We had gone to Coorg for our summer holidays this year; Coorg, that the british claimed was the “Scotland of India”. Nature, they say, had been partial to scotland in bestowing abundant, and unparalleled verdant beauty. One has to see it to believe or it may even be beyond one’s paradigm of beauty. At least, that is what we thought until we visited Coorg in Mysore this summer.

After Cauvery darshan, as we descended through the road, we saw the sangam of three rivers (a confluence), with river Kanika on the left, river Sujoti in the centre and Cauvery on the far right. As we drove through Mercara to one of the private coffee estates of Coorg, thickets of bamboo appeared by the roadside, pronouncing the onset of lush terrain for which Coorg is famous. We meandered through the narrow roads with neatly lined coffee plants and shrubs of cardamom, pepper and poinsettias and came upon quaint little cottages built right in the middle of the estate surrounded by silver oaks and rosewood trees.

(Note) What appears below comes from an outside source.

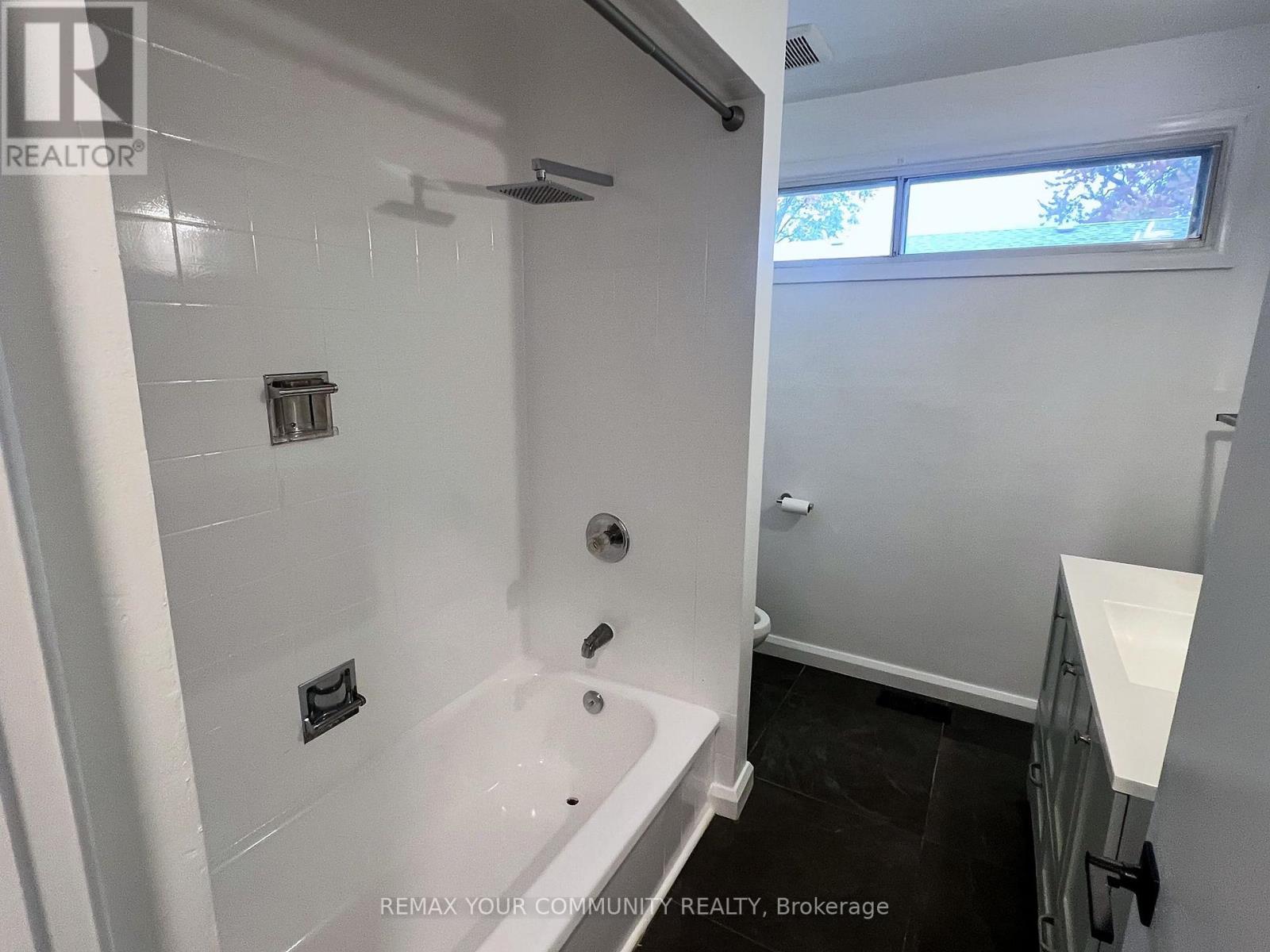 49 Tedford Drive, Toronto, Ontario  M1R 1M2 - Photo 14 - E14093628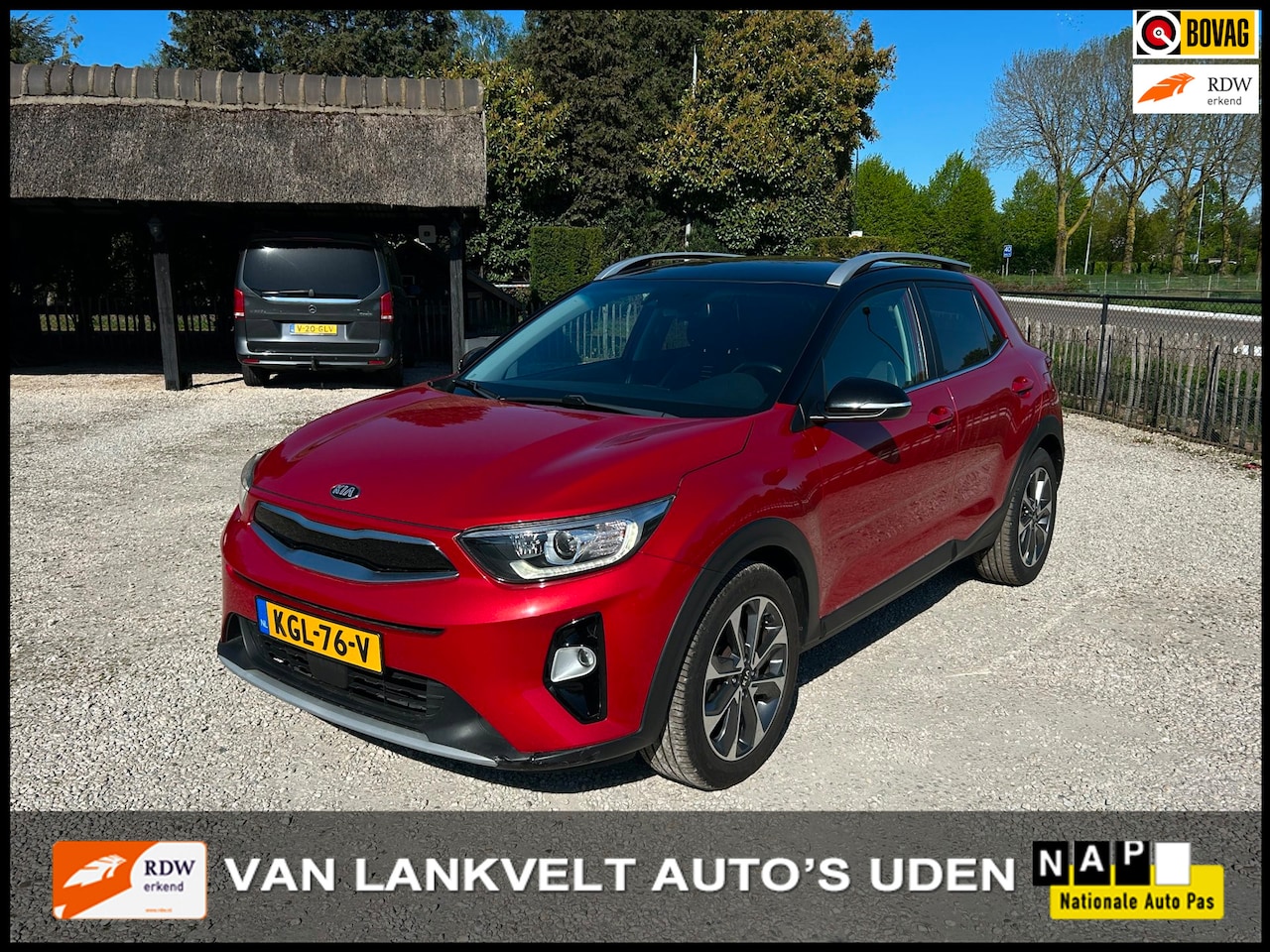 Kia Stonic - 1.0 T-GDi ExecutiveLine stoelverw Trekhaak 120pk - AutoWereld.nl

The cottage where we were supposed to spend the night was a delight, in the midst of solitary and serene nature, totally undisturbed and untamed by man. The environment was fresh and green and the world appeared washed and laundered to the naked eye.

We experienced, first hand, the humming and singing of the crickets and birds, the nocturnal insects and animals and the lightening bugs glistened against the dark green foliage. A stream gurgled nearby and we sat munching peppered rice-pancakes and sipped tea under one of the open thatched huts, looking at the raindrops clinging to the straw covering the huts. Ferns and bushes had sprung up all around in the wild with specks of lavender flowers dotting the estate.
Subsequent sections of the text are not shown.